We’d also tag each model with metadata:

  • Model size (1B, 8B, 13B, etc.)
  • Hardware requirements (e.g. VRAM needed for 15–20 tokens/sec)
  • License, origin, and finetuning info
  • Community ratings and comments

Eventually, the goal is to make it easy to:

  • See how well a model performs before downloading it
  • Choose the best option for your hardware and task
  • Contribute your own tests, models, and feedback

:rocket: Why It Matters

This directly supports our mission to help you build, control, and benefit from your own AI system. Picking the right model is step one.

It also unlocks:

  • Better tools for our Katie and Adam personas
  • More visibility for independent model creators
  • A real-world benchmark alternative the community can evolve

:handshake: How You Can Help

We’re early in the planning phase, so we’d love your feedback:

  • What use cases should we include first?
  • What test prompts or tasks do you think we should use?
  • What evaluation methods would be helpful?
  • Would you be interested in contributing models, tests, or evaluations?

Let us know what you think below :point_down:
This is a community-powered initiative, and your input will shape where we go from here.

— Dave W.

Your AI. Your Rules.

Hi All,

We are making good progress on the Model Guide concept. First off we’re spitballing a new name which is BrainDrive ModelMatch. Let us know what you think.

Here’s the latest discussion between @DJJones and myself followed by an AI powered summary:

Let’s keep the momentum going!

Thanks,
Dave W.

:jigsaw: The Problem with Most AI Model Leaderboards

Most AI model benchmarks today aim to be purely mathematical and “objective.” They focus on metrics like MMLU scores or GLUE benchmarks. The problem? Those benchmarks are easy to game—and often don’t reflect real-world performance.

We’ve seen this again and again: a model crushes the benchmarks… and flops in actual usage. That’s because companies are fine-tuning to win the test, not to help real people solve real problems.

:white_check_mark: Our Take: Real-World Use Cases Over Raw Benchmarks

ModelMatch flips the script. We’re building a new kind of model evaluation system—one that’s grounded in how people actually use these models.

Instead of relying only on synthetic benchmarks, we run every model through curated case studies. For example, we might test summarization quality using the same set of 10 articles across all models. That way, you get an apples-to-apples comparison of how each model performs on the same real-world task.

We’ll still report standard benchmark scores, but we’ll show our work—and focus on what actually matters in practice.
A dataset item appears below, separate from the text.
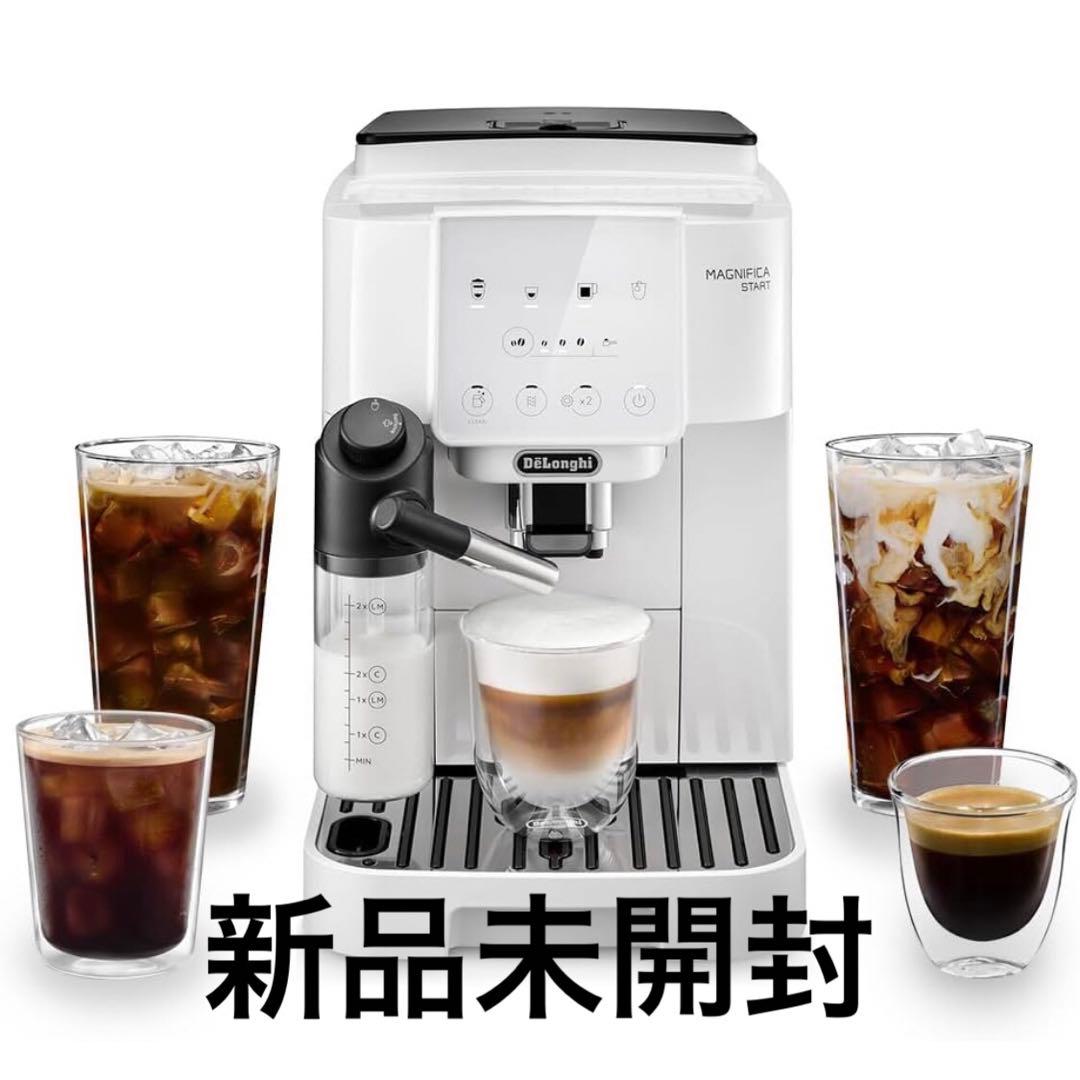 デロンギ 全自動コーヒーマシン マグニフィカスタート ECAM22062W 新品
:brain: Human Insight + Automation

We’re also designing ModelMatch to blend the best of both worlds:

  • Human judgment where it matters (subjective evaluation of output quality).
  • Automation where it’s reliable (e.g., checking if key facts were retained in a summary).
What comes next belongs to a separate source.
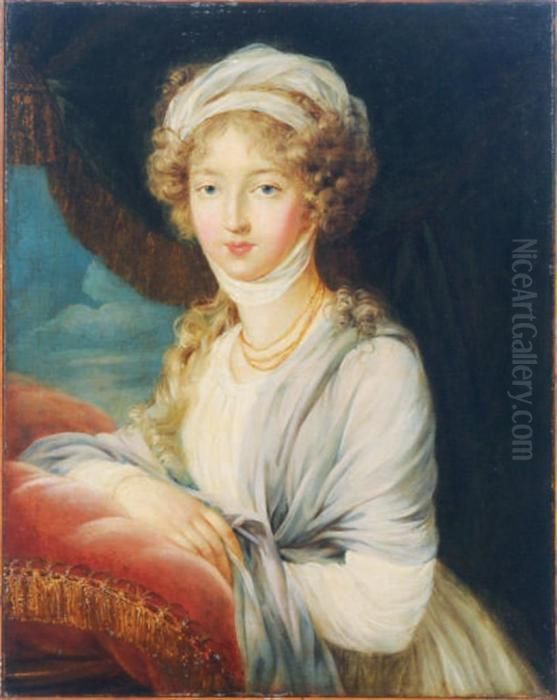 Portrait Of Grand Duchess 
Elisabeth Alexievna, Wife Of The Futureemperor Alexander I Of Russia Oil Painting by Elisabeth Vigee-Lebrun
As the system matures, we’ll continue automating more of the evaluation pipeline using LLMs themselves—with humans reviewing where needed. That means faster coverage of new models without sacrificing quality.

:rocket: Built for Content, Community, and Continuous Improvement

We’re not just building a static directory. We’re creating a content engine:

  • Each model release becomes a content opportunity.
  • Our case study evals turn into videos, tutorials, and blog posts.
  • We “newsjack” model releases to be first with relevant, trustworthy info.
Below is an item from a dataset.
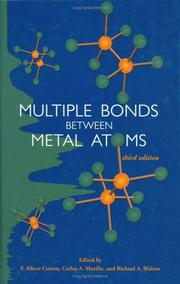 Cover of: Multiple Bonds between Metal Atoms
This strategy helps drive visibility for BrainDrive and creates value for the entire ecosystem.

:handshake: Transparent, Community-Driven, and Evolving

ModelMatch will be transparent about what we’re testing, how we’re testing it, and why it matters. But we’ll also evolve our test sets over time to avoid models gaming the system. If a model is fine-tuned specifically to ace our tests—that’s fine, as long as those tests represent actual, useful tasks.

Eventually, we’ll also:

  • Link to external community discussions (Reddit, Discord, X).
  • Ingest and summarize real-world chatter about model performance.
  • Let our community contribute benchmarks and feedback.

:compass: Why It Matters

We’re building this because finding the right AI model shouldn’t require a PhD or hours of Reddit diving.

With ModelMatch, you’ll be able to:

  • Input your hardware specs.
  • Pick a use case (e.g., summarization).
  • Get a shortlist of the best models for you—backed by real-world testing.

Think of it as “TripAdvisor for Open-Source Models” — only faster, more focused, and rooted in BrainDrive’s mission of owner-first AI systems.


:link: Let us know what you think. Feedback and ideas welcome as we build this in the open.

Your AI. Your Rules.
—Team BrainDrive

Hi All,

We’re continuing to make good progress on BrainDrive ModelMatch.

We have formalized the project into a project document which you can find here.

And we’ve contracted with two developers to help us build out the concept.

Victor who is going to be building out the model selector tool. The first phase of this is to create a wizard that allows BrainDrive Owners to quickly and easily see the size of the models that you can run on your specific computer.

We have the first prototype of this tool which we are in the process of testing now. You can see it here.

In addition to the Basic functionality Victor has a lot of additional features and functionality for the tool including specific model recommendations that he’s working on and will be adding in the future.

We’re in the early stages of the development and looking for feedback so if you try it out hit the reply button here and let us know what you think.

We also now have Navaneeth who is working on the model evaluation process which will have both human and automated components to it. You can see his plan for this which he is working on the first phase of here.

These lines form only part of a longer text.